* _EXERCISE REQUIREMENTS_: Reproduce, word for word, the lines in the material below starting with the one that has "Jadi Etalase Suluttenggo, PLN" and going on through the one that has "處女座與白羊座誰聰明點-第1張-星座運勢-玄機派". Leave out all pictures.

* _SOURCE DATA_:

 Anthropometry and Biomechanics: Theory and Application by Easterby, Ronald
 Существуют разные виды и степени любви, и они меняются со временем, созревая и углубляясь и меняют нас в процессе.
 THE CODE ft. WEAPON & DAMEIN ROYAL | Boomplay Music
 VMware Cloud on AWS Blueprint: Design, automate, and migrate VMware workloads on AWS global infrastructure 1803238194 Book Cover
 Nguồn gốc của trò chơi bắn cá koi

...

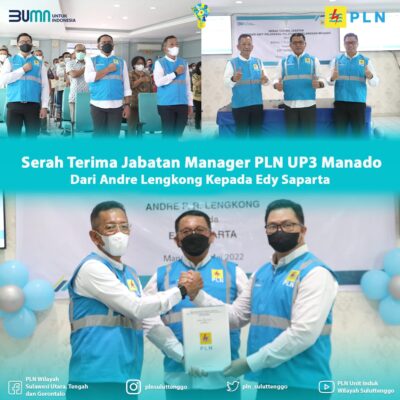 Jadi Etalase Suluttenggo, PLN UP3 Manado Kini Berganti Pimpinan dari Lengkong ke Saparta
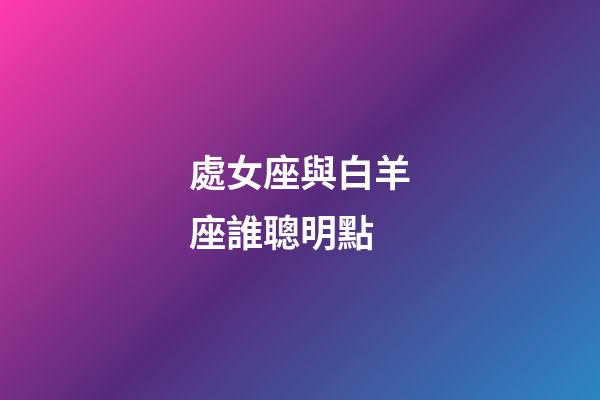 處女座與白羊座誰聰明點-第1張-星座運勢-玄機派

* * *

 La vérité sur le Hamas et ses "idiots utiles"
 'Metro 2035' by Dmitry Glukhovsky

* _WRITTEN REPLY_:
 Jadi Etalase Suluttenggo, PLN UP3 Manado Kini Berganti Pimpinan dari Lengkong ke Saparta
 處女座與白羊座誰聰明點-第1張-星座運勢-玄機派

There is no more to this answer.